Aanji Sin ’24
Whenever I talk or write anything about the lack of Asian representation in American media, I like to bring up Halloween costumes. It’s the negligent example of casual white privilege at work that I’ve been hyperfixated on since I learned what race issues even were. Little white girls had their pick from Cinderella and Snow White and Elsa and Rapunzel, and I had an overused and historically inaccurate Mulan qipao. I can count on ten fingers the Asian characters in popular media that I had to look up to as a kid—the good representation and the bad.
Which is why, in the spirit of Halloween, “Shang Chi” is so important.
“Shang Chi and the Legend of the Ten Rings,” Marvel’s first Asian American superhero movie, was released in theatres on Sept. 3 and proceeded to demolish the Labor Day box office record with $71.4 million in three days. It became the second highest box office opening for any movie released during the pandemic.
The significance of being Marvel’s, and really the world’s, first Asian superhero is not an achievement to be regarded lightly. Just like “Crazy Rich Asians” paved the way for East Asians in romantic comedies, “Shang Chi” is another landmark success that demonstrates our burgeoning versatility in roles across American popular media.
Asians are officially more than just the man in the chair; we are writing our own stories, we are subverting the tropes. Getting a superhero?
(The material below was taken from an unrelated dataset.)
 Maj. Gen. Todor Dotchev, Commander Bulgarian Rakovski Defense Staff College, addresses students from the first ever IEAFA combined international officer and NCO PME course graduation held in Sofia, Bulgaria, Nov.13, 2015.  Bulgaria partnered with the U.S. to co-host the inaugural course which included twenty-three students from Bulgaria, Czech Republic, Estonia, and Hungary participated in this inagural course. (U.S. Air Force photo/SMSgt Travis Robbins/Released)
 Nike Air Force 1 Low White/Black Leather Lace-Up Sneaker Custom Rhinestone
It redefines more than one might think.
I think what gets me the most about “Shang Chi” is how genuinely respectful it is of Chinese culture—unfortunately, this is still something to be praised when it happens. Characters practiced consistent and fluid use of Mandarin, in which sections featured both English and Mandarin character subtitles. Fight sequences were choreographed in traditional forms of Chinese kung fu, with all of the rushing adrenaline of a classic Marvel action sequence while incorporating references to other on-screen Chinese martial artists (Jackie Chan jacket move, I’m looking at you).
These aspects of Chinese culture are treated without a sense of foreignity or mysticism attached to them, drastically different from how Western media has historically regarded the culture of the “Oriental.”
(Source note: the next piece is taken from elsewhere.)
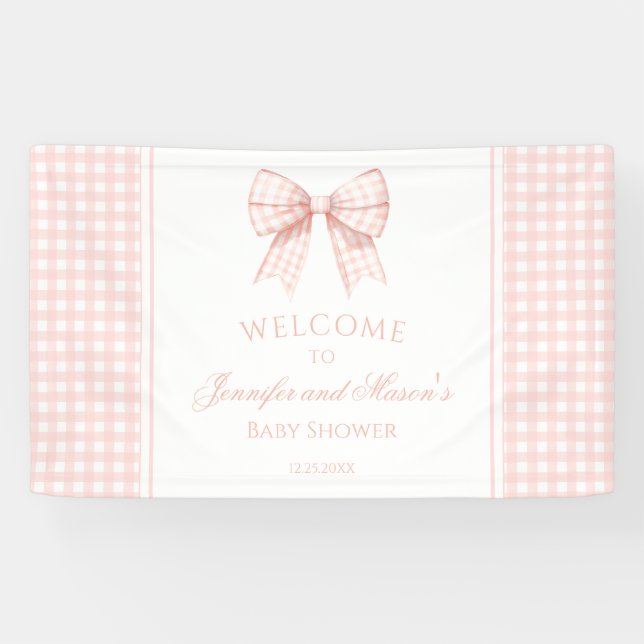 Niedliches rosa Bugband Babydusche Begrüßung Banne Banner (Horizontal)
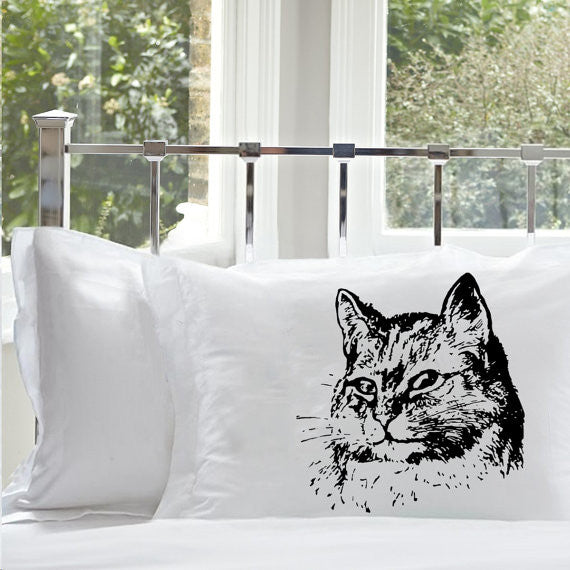 black retro cat pillowcase pillow cover case bedding kitten bedroom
Mandarin is spoken lovingly between a mother and son, by the villain warlord is startling moments of powerful vulnerability, between family members poking fun at each other at the breakfast table, through proverbs and sage advice. Kung fu can be fought on the battlegrounds of an ancient Chinese village and on the scaffolding of a building while hundreds of feet in the air, and it looks cool every time. Chinese culture becomes accessible.
With all of its cultural accuracy, “Shang Chi” continues to remain outside the box of a token film. There is no underlying metaphor for oppression, there is no white villain or theme of colonization, there is nothing that inherently ties the story of “Shang Chi” to an inherently East Asian experience. The same story could just as easily be applied to a superhero of Latinx, or Black, or Southwest Asian descent. With some tweaks to the world-building, they would make just as impactful a movie to their respective cultural groups.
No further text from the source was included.